- **Collected material**

========================

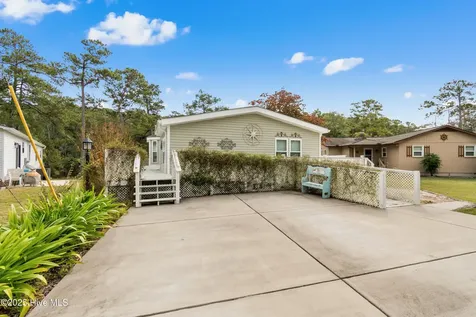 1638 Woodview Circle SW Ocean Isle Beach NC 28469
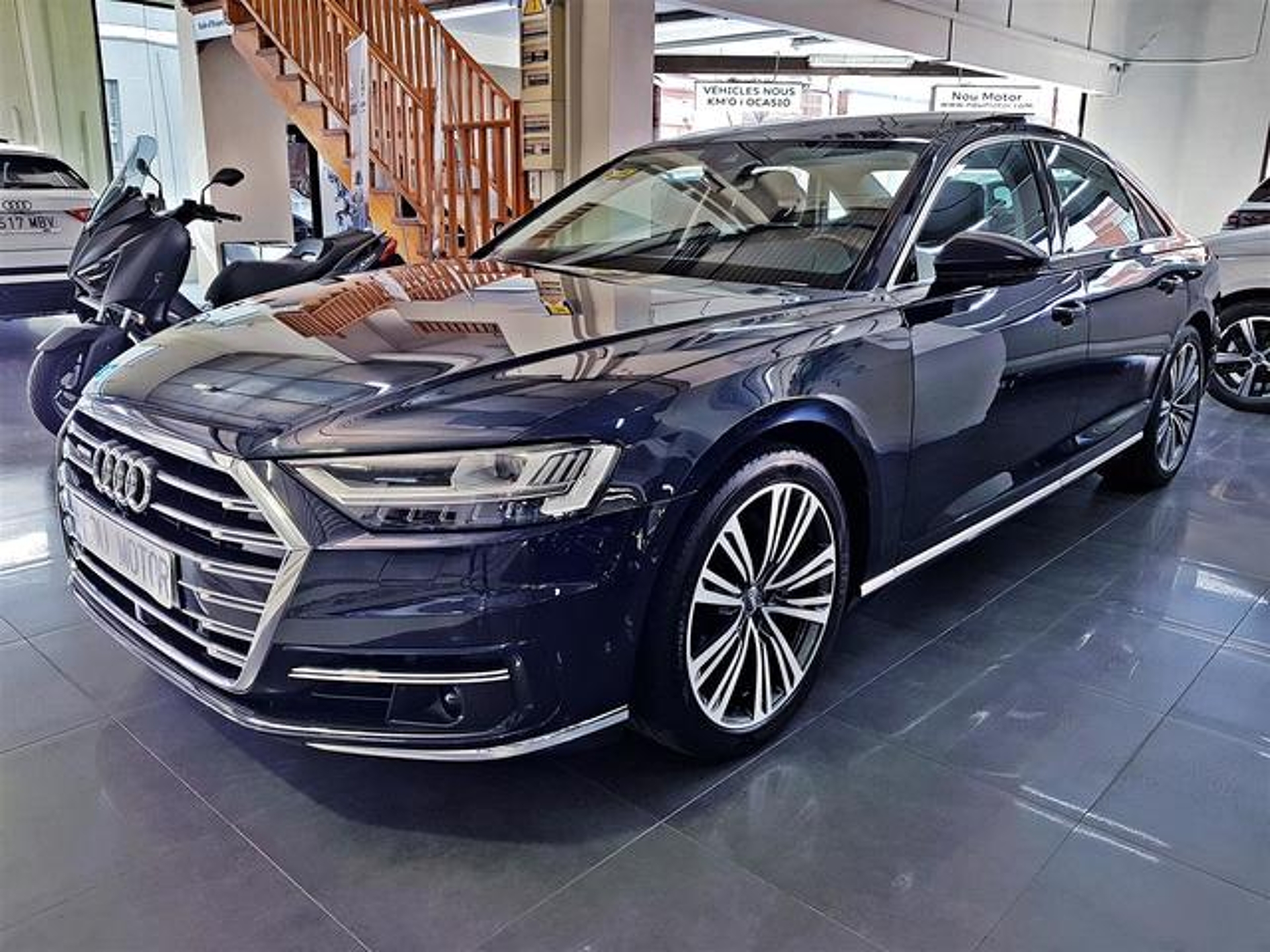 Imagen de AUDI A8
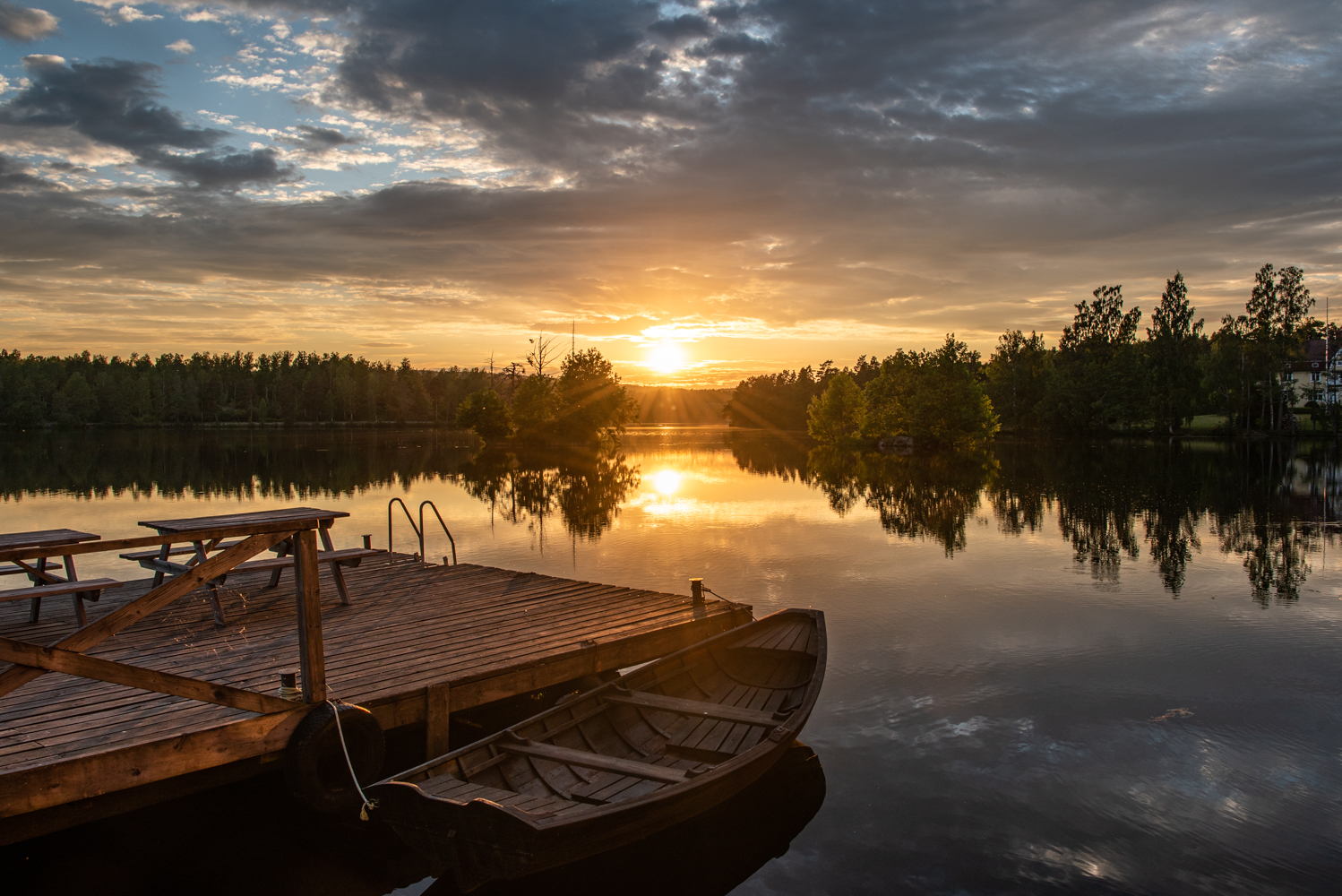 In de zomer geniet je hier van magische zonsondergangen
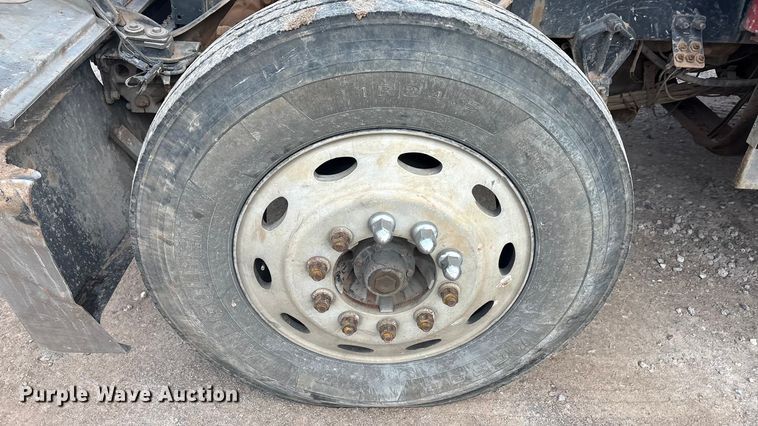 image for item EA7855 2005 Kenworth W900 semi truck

========================

- **What is required**
From the material above, copy everything exactly but the pictures.

- **Expected output**
 1638 Woodview Circle SW Ocean Isle Beach NC 28469
 Imagen de AUDI A8
 In de zomer geniet je hier van magische zonsondergangen
 image for item EA7855 2005 Kenworth W900 semi truck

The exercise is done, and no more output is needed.